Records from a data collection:
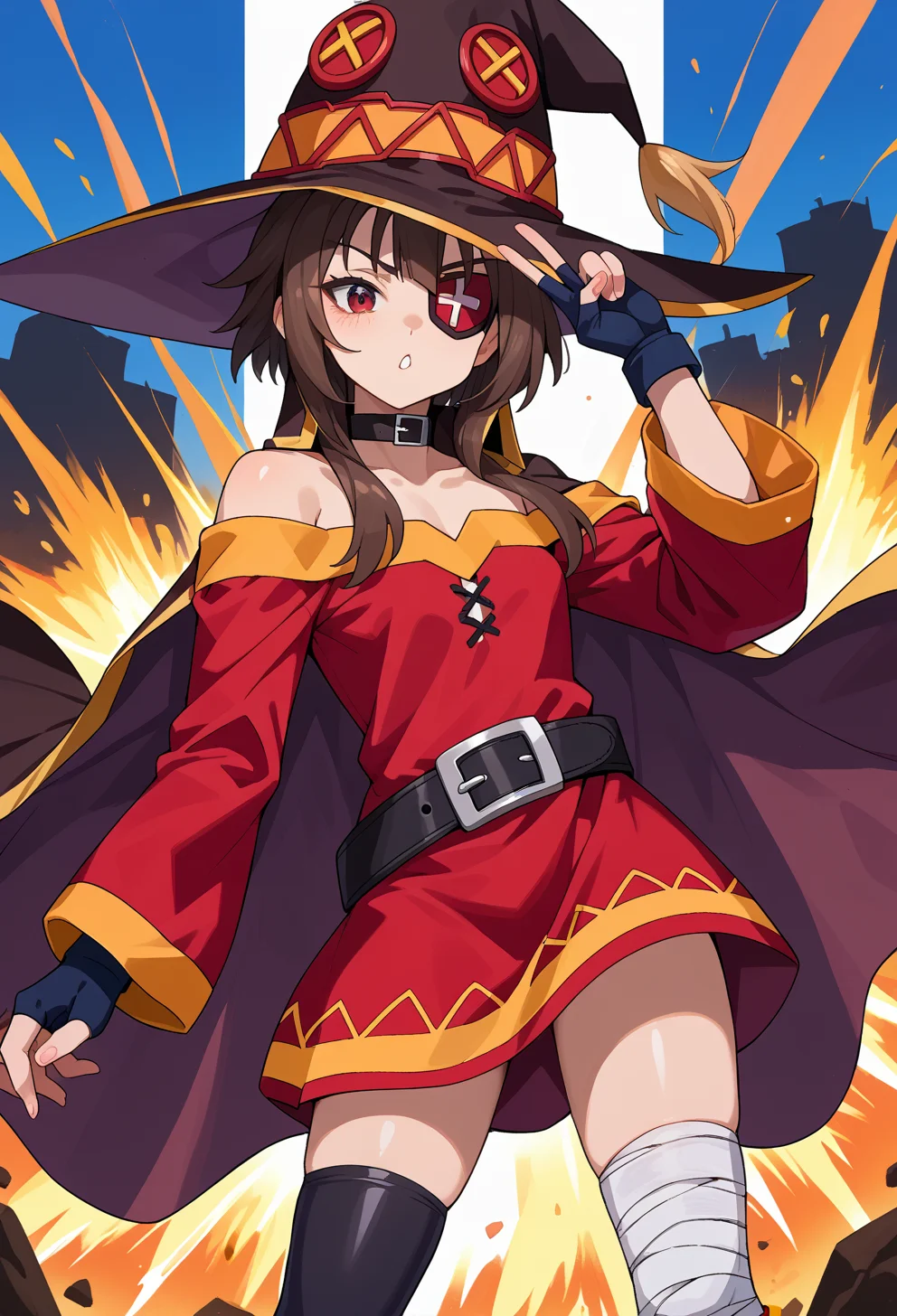 score_9, score_7_up, source_anime, BREAK <lora:AEMegumin-000009:1> AEMegumindef, red eyes, Brown hair, Belt choker, red dress, off-shoulder dress, Black gloves, fingerless gloves, Belt, mismatched legwear, asymmetrical legwear, bandaged leg, black thighhighs, knee boots, hat, eyepatch, Black cape, v over eye, explosion, cowboy shot,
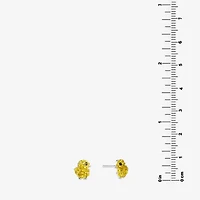 Silver Treasures Chicken Yellow Crystal Sterling Silver 8.1mm Stud Earrings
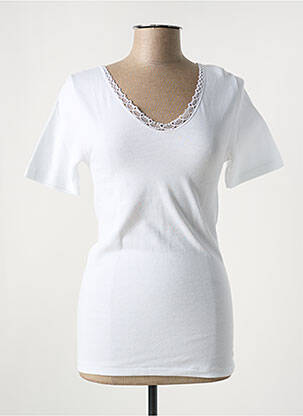 T-shirt coupe cintrée manches courtes blanc MADIVA femme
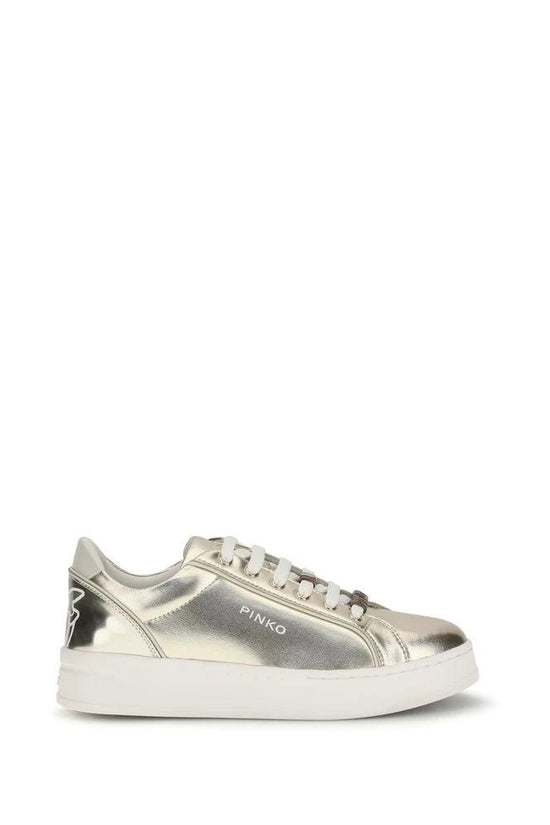 PINKO Gold Calf Leather Bos Taurus Platform Sneakers by PINKO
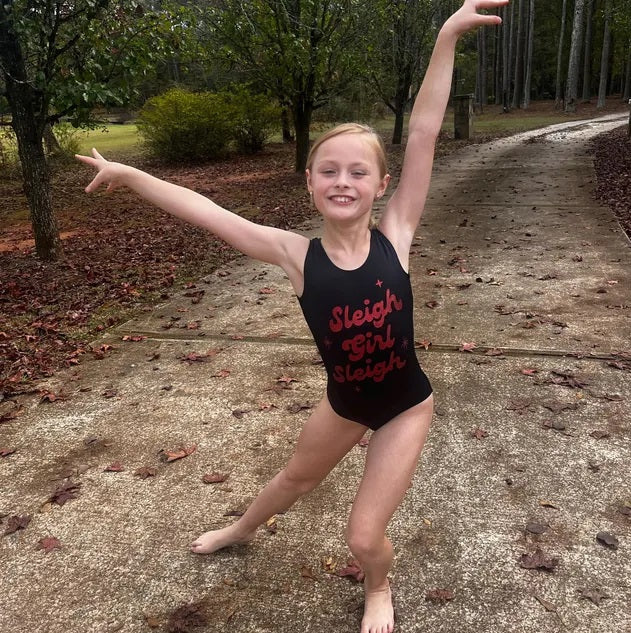 Custom Christmas Leotards - Design 1 Sleigh Girl Sleigh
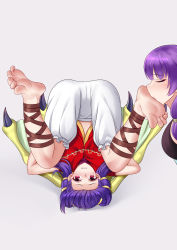 Rule 34 | 2girls, absurdres, barefoot, blue hair, closed eyes, feet, fire emblem, fire emblem: the sacred stones, foot worship, highres, licking, licking foot, long hair, lute (fire emblem), multiple girls, myrrh (fire emblem), nintendo, oirin, purple hair, red eyes, soles, toes, upside-down, yuri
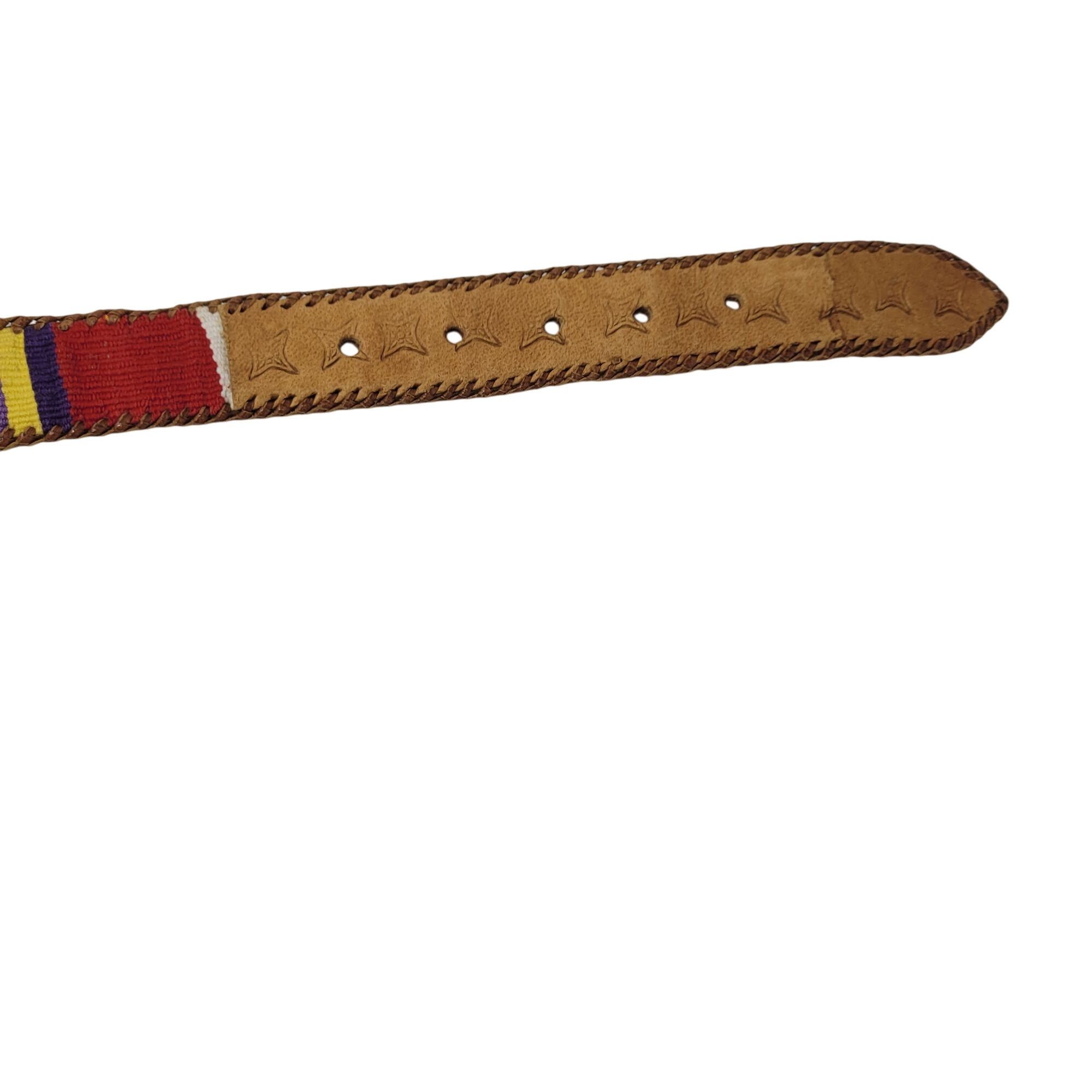 Vintage Vintage Handwoven Leather Patchwork Textile Belt M Southwest Size ONE SIZE - 11 Thumbnail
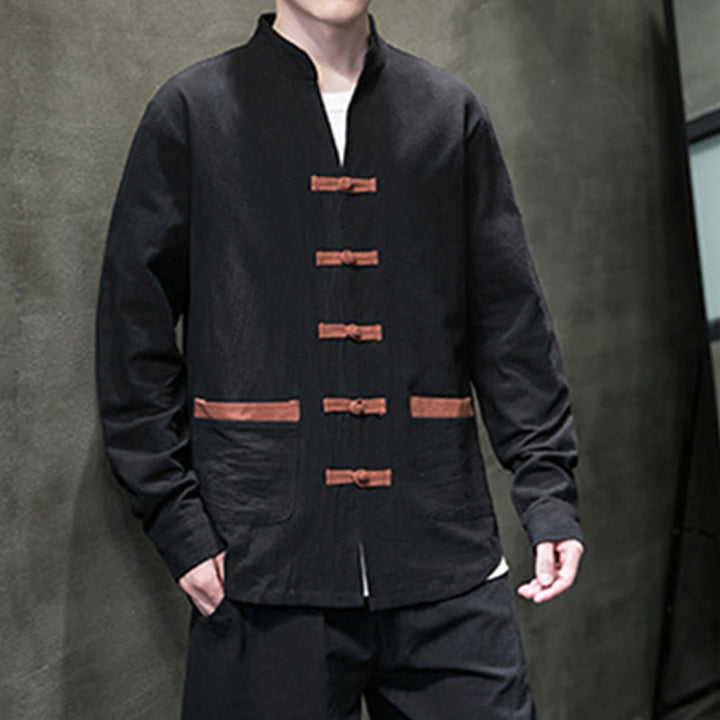 Buddha Stonesメンズ スタンドカラー フロッグボタン コットンリネン 長袖シャツ ポケット付き - image 13
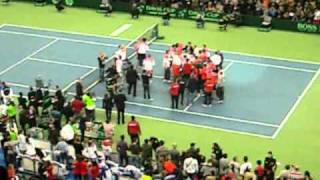 Serbia  France Tennis Davis Cup Finals 2010 Last point and celebration [upl. by Hamann208]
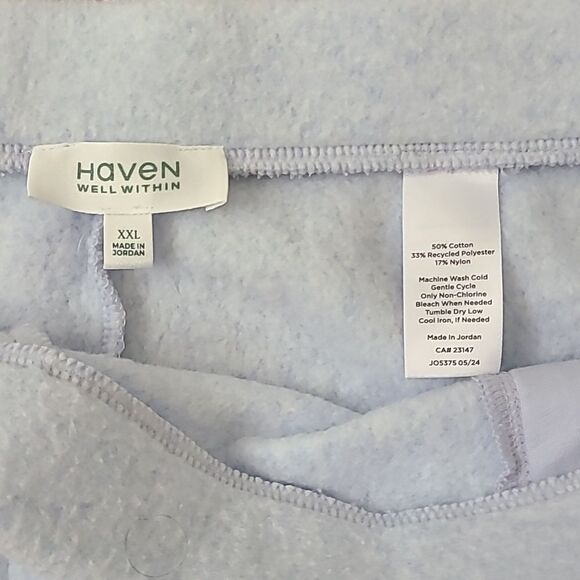 Haven Well Within Fleece Cotton Blend Pants XXL Blue Loungewear Comfort Plus - Picture 2 of 6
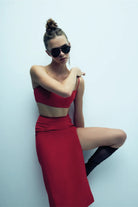 Nazlı Ceren-Lalia Krep Top Paprika Red-Top-5-Milagron.com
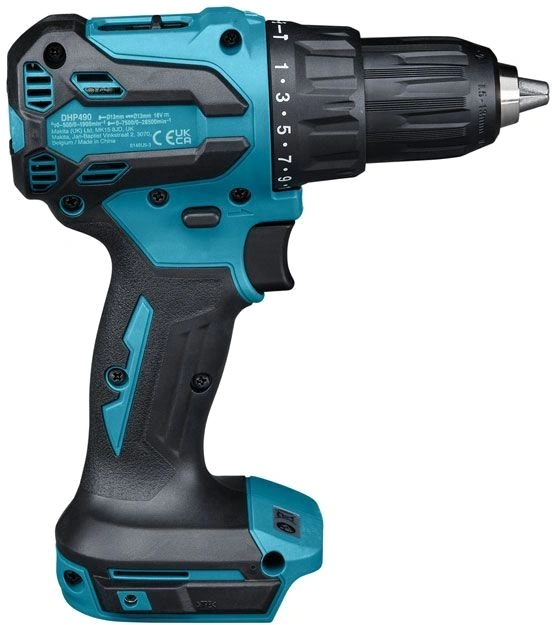 Дрель-шуруповерт Makita DHP490WVE аккум. патрон:быстрозажимной (кейс в комплекте) — миниатюра 3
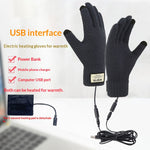 LinkMejor USB Charging Touchscreen Heated Gloves Knitted Thermal Coldproof Winter Warm Gloves for Outdoor Sports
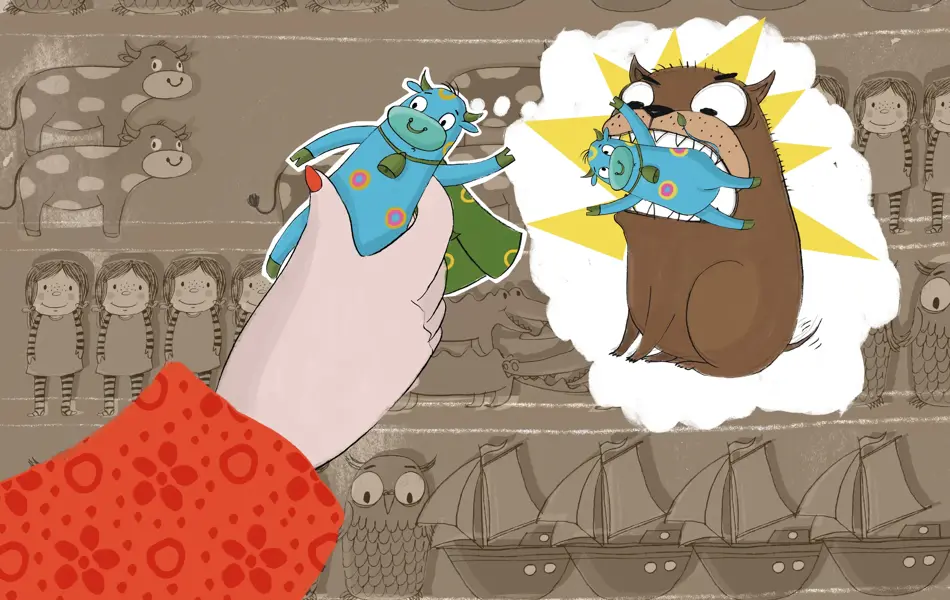 Illustrasjon av Oskar som er redd for hund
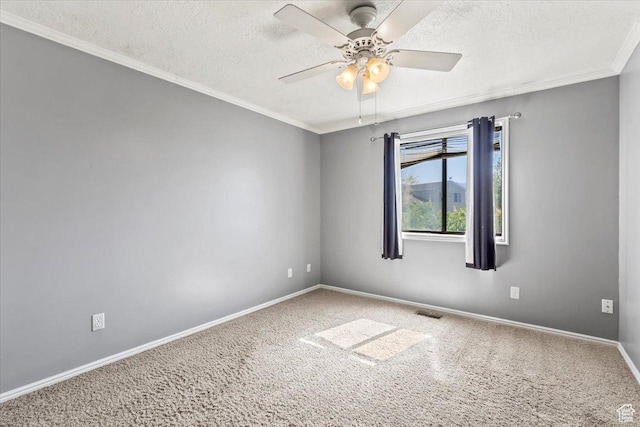 4970 S 4150 W, Roy, UT 84067 - carpeted spare room featuring a textured ceiling, ceiling fan, and ornamental molding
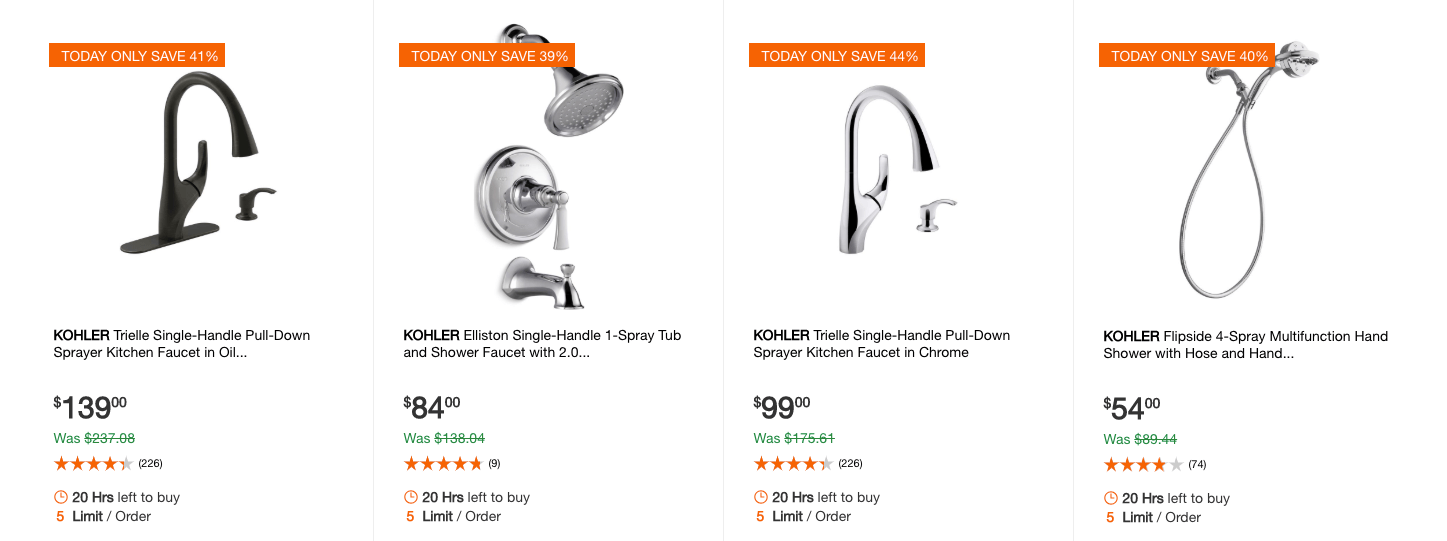 Home Depot Up to 66 off Select KOHLER Toilets Bathroom Hardware and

Exercise directions — Start at the line holding "[upl. by Hamann208]" and stop at the last line of the entries above. Repeat those lines exactly, pictures excluded.

Result —
 Serbia  France Tennis Davis Cup Finals 2010 Last point and celebration [upl. by Hamann208]
 Haven Well Within Fleece Cotton Blend Pants XXL Blue Loungewear Comfort Plus - Picture 2 of 6
 Nazlı Ceren-Lalia Krep Top Paprika Red-Top-5-Milagron.com
 Дрель-шуруповерт Makita DHP490WVE аккум. патрон:быстрозажимной (кейс в комплекте) — миниатюра 3
 LinkMejor USB Charging Touchscreen Heated Gloves Knitted Thermal Coldproof Winter Warm Gloves for Outdoor Sports
 Illustrasjon av Oskar som er redd for hund
 4970 S 4150 W, Roy, UT 84067 - carpeted spare room featuring a textured ceiling, ceiling fan, and ornamental molding
 Home Depot Up to 66 off Select KOHLER Toilets Bathroom Hardware and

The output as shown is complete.